The 'old', printed, relatively expensive and somewhat massive Spartacus used to list places like parks, train stations and college libraries tearooms, etc., too. Originally, were trying to provide the best and most accurate and complete information to their public. And, indeed, they were also trying to be as global as possible. Hence, they so heavily depended on the informal network of volunteers and correspondents to provide them with accurate and timely information.
The onset of massive, almost universal use of the www. spelled the end of Spartacus/Damron as being the only trusted and available sources of relevant cruising venue information.
Soon enough, local LGBT sites started providing specific and relevant, at times even frequently updated local information on the cruising venues in their respective towns and regions.
Spartacus lived well off the increasing revenue generated by the ads various commercial gay venues were placing with them.

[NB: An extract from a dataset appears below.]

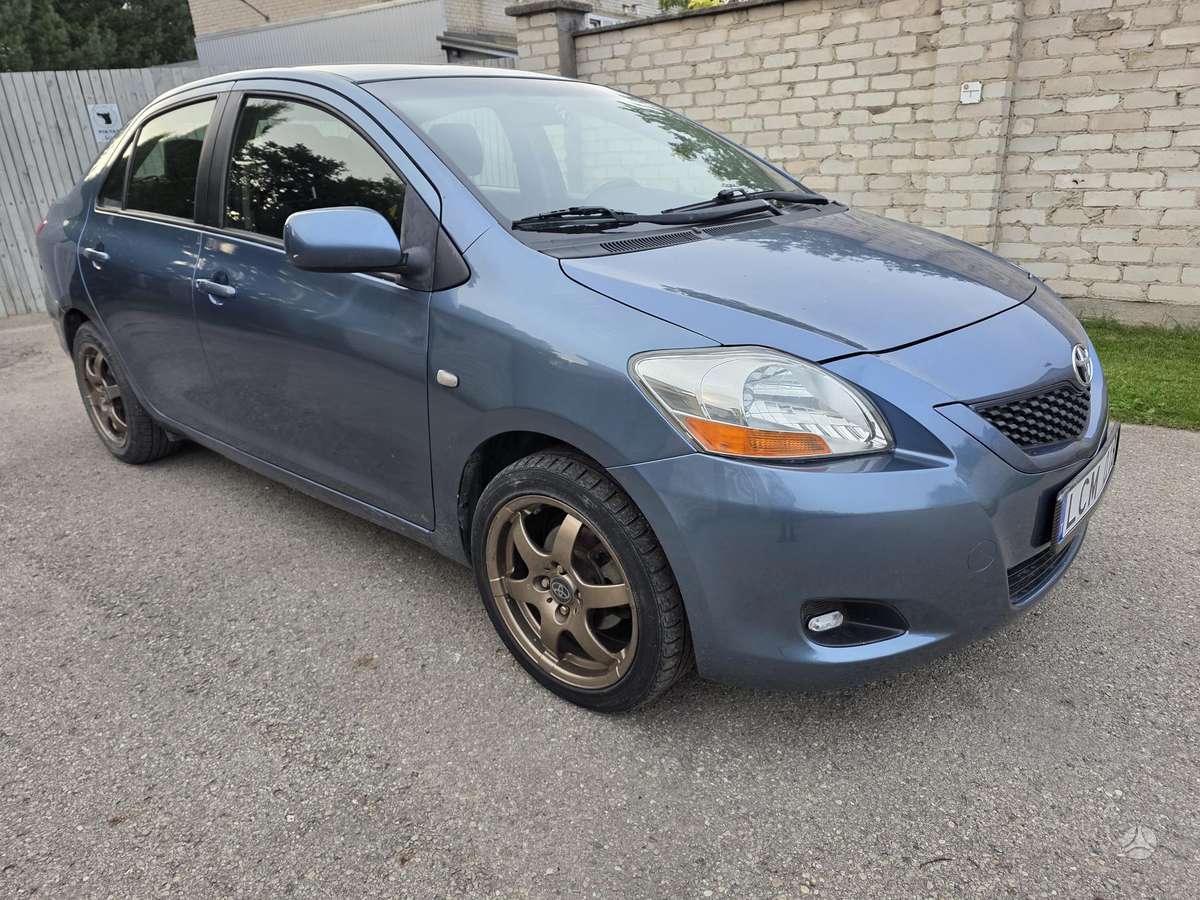 Toyota Yaris - 2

The non-commercial cruising information was naturally receiving less and less prominence. Its accuracy ceased to be anyone's concern.
I went through a printed edition of Spartacus few years ago. It really felt like holding a fossil in your hands. Information provided was useful, i.e., legal standing, age of consent, etc.. The rest of it was nothing else but an expensive Gay Yellow Pages of the world. Not that anything should be wrong with the world having its Gay Yellow Pages...
Now, most of us know Google.com, too. If anyone is traveling to Anycity, Anystate, and wants to know where to go cruising for sex, or drinking in a gay bar or hooking up in the baths, Google will give you as accurate information as you can hope to get. I doubt that too many people will go to Spartacus online (or offline) and pay a fee (or not) to get that information. Why would a number of people needed for a commercial operation to be viable want to do so?
I imagine that the modest advertising revenue may still keep Spartacus and its listings alive for some time to come. Yet, new, far more efficient and far less expensive technologies invariably replace the outdated ones. Hence, the outcome is both known and inevitable.